## Dealing with Outliers:

A common problem encountered in instrument calibration is when one or two measurements are clearly ‘off’ – that is, they lie some distance from the regression line when all the other calibration points are close to it. Typically, this is the result of a gross error on the part of the operator, either when preparing the solution or performing the measurement.

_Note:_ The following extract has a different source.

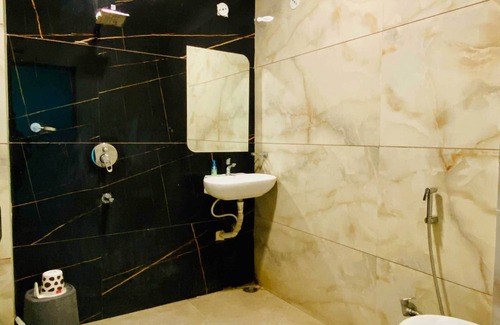 Vijay Nagar Hotel | Hotel Ramaya Inn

Consider for example the graph below: the value at *x _{i}*
= 20 is possibly an outlier and skewing the regression line.
Can we discard it? A starting point is to calculate the
regression residuals
and examine them individually. Note that the residual for the
suspect point is noticeably different from the others:

+0.6 |

-1.1 |

-0.2 |

-1.1 |

-0.9 |

+5.6 |

-1.2 |

-1.7 |

Residuals for the calibration plot shown, with a single outlying value

Such a point that lies “far away” from the expected value,
*i.e.* has a large regression
residual, is called an *outlier*. Such outliers can easily
skew your regression line. However, they can also reveal information about
an incomplete regression, or the requirement for more a complex regression
model. It is therefore important to know how to deal with such values.

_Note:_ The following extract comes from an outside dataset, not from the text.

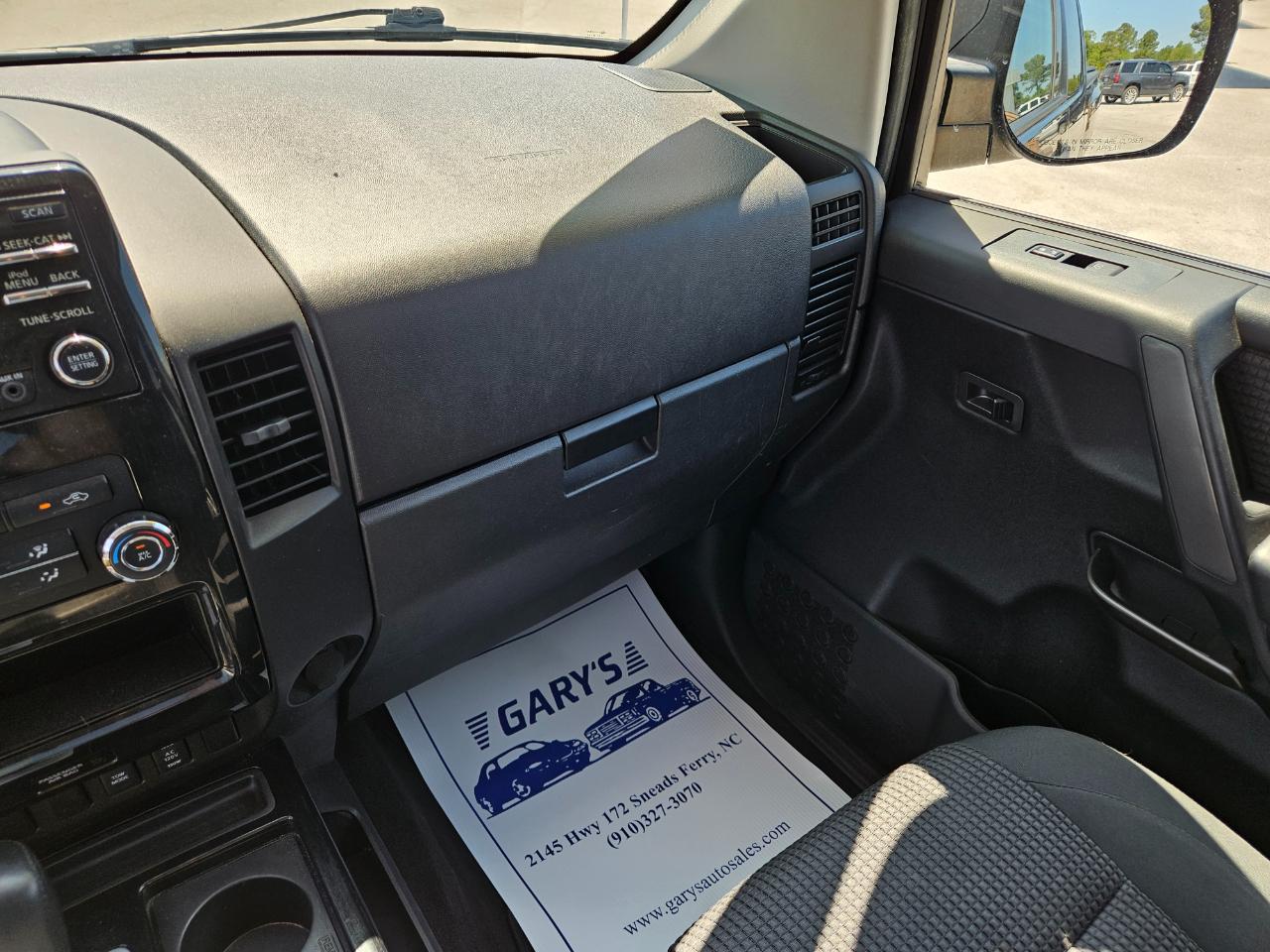 Nissan Titan 4WD King Cab SWB SV 2014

One way of dealing with outliers is to use either weighted linear regression* (in which the standard deviations for replicate determinations of each calibration point are used as “weights” within the analysis), or robust techniques which use median, rather than mean, values. Such methods are beyond the scope of this tutorial, but can be found in the relevant texts. An alternative approach is to make use of statistical tests developed for identifying outliers amongst replicate values, such as Grubb’s test and Dixon’s Quotient (Q) test.

* A recent article has questioned the use of weighted
least-squares regression in calibration. See J. Tellinghuisen, Analyst,
2007, **132**, 536-543.
(DOI:
10.1039/b701696d).